Anchoring and validation of SGS assemblies
According to the order of SNP markers in the linkage map, we assigned the scaffolds of the two assemblies. Of the 8,910 scaffolds of Assembly_1, 1,024 were anchored, covering 462 Mb (85.6%) of the azuki bean genome. However, we found 376 contradictions between the marker orders in the assembly and in the linkage map (Table 1). It indicated more than one-third of the anchored scaffolds were expected to contain assembly errors.
As for Assembly_2, only 308 scaffolds were anchored, but they covered 451 Mb (83.6% of the genome). Moreover, the anchored scaffolds contained much fewer contradictions than Assembly_1. However, more than one out of five among the anchored scaffolds still contained misassemblies.
Assembly of long reads
Assembly errors could be deleterious for application of the genome sequence, including marker-assisted selection or map-based gene cloning. As such, we decided to adopt SMRT sequencing technology. The data we obtained had about 51× coverage of the azuki bean genome, with the average and the longest read length of 5.4 kb and 39.4 kb, respectively (Supplementary Table 1). Assembling the PacBio reads (Supplementary Fig. 3) resulted in 4,638 contigs covering 524 Mb or 97.1% of the azuki bean genome (see Assembly_3 in Table 1). The N50 and the maximum length of the contigs were 809 kb and 7.5 Mb, respectively, both of which were almost 30 times larger than those of SGS contigs.
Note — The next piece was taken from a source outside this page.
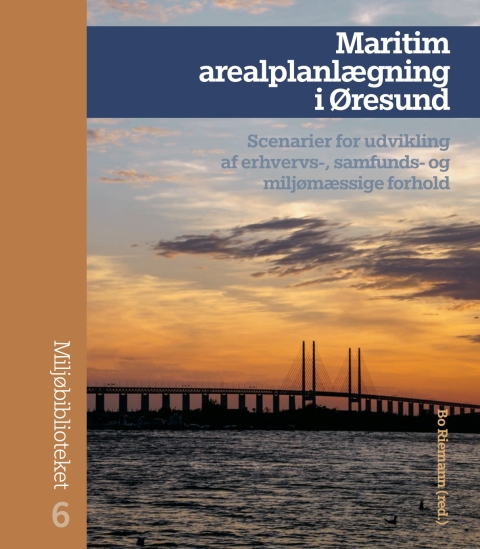 Cover image for book Maritim arealplanlægning i Øresund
Validation of the long read assembly
We could anchor 759 of the 4,638 contigs onto the linkage map, covering 448 Mb (83.1% of the genome) with only 19 contradictions (Supplementary Fig. 3, Table 1). All misassembly sites were manually confirmed by mapping Illumina reads onto the contigs (Supplementary Fig. 4).
By mapping short reads, we also found conflicts between Assembly_3 and the short reads at the nucleotide level. Of these, 1,631 were substitutions, and 8,611 and 38,889 were insertions and deletions, respectively (Supplementary Fig. 5). The indels were greatly dominated by homopolymer sites of more than three consecutive nucleotides. We randomly chose 91 indel sites to validate by Sanger sequencing, and found that all indels in the short reads were correct (Supplementary Table 2), although all substitutions sites were in repetitive sequences and thus were impossible to validate. As such, we corrected all the detected indels according to the short reads (Supplementary Fig. 3).
To further validate the nucleotide-level accuracy of PacBio assembly, we obtained data from PacBio data release (https://github.com/PacificBiosciences/DevNet/wiki/) on Arabidopsis thaliana (Ler-0) and Drosophila melanogaster. In both cases, errors of insertions/deletions at homopolymer sites dominated over any other types of errors including insertions/deletions at non-homopolymer sites and nucleotide substitutions (Supplementary Fig. 5).
Final assembly process on Assembly_3
After all these steps described above, we performed final scaffolding with Illumina’s paired-end reads with long inserts, excluding contradictions against the linkage map. As a result, we found 297 gaps in the scaffolds, where the overhangs of the bridged contigs were longer than the expected insert size. However, aligning two such bridged contigs to each other revealed, in 226 cases, that the terminal sequences of the two contigs overlapped and thus were merged. In addition, we performed gap-filling and closed 705 gaps.
The final assembly was comprised of 2,529 scaffolds covering 514 Mb (95.2%) of the genome, with an N50 of 3.0 Mb and a gap fraction of only 0.12%. Of these, 279 scaffolds were anchored, covering 462 Mb (85.6% of the genome) (Table 1). To reconstruct the pseudomolecules, we filled the gaps between scaffolds with the estimated number of Ns between the neighboring scaffolds. The resulting pseudomolecules ranged from 28.9 Mb (LG10) to 67.1 Mb (LG1) in size (Supplementary Table 3). All the pseudomolecules had telomeric repeat-like sequences (TTTAGGG) in both termini, except LG5, 6, and 11, where a telomeric repeat was found only in one end. The gap amount of the pseudomolecules was 1.9% (Table 2).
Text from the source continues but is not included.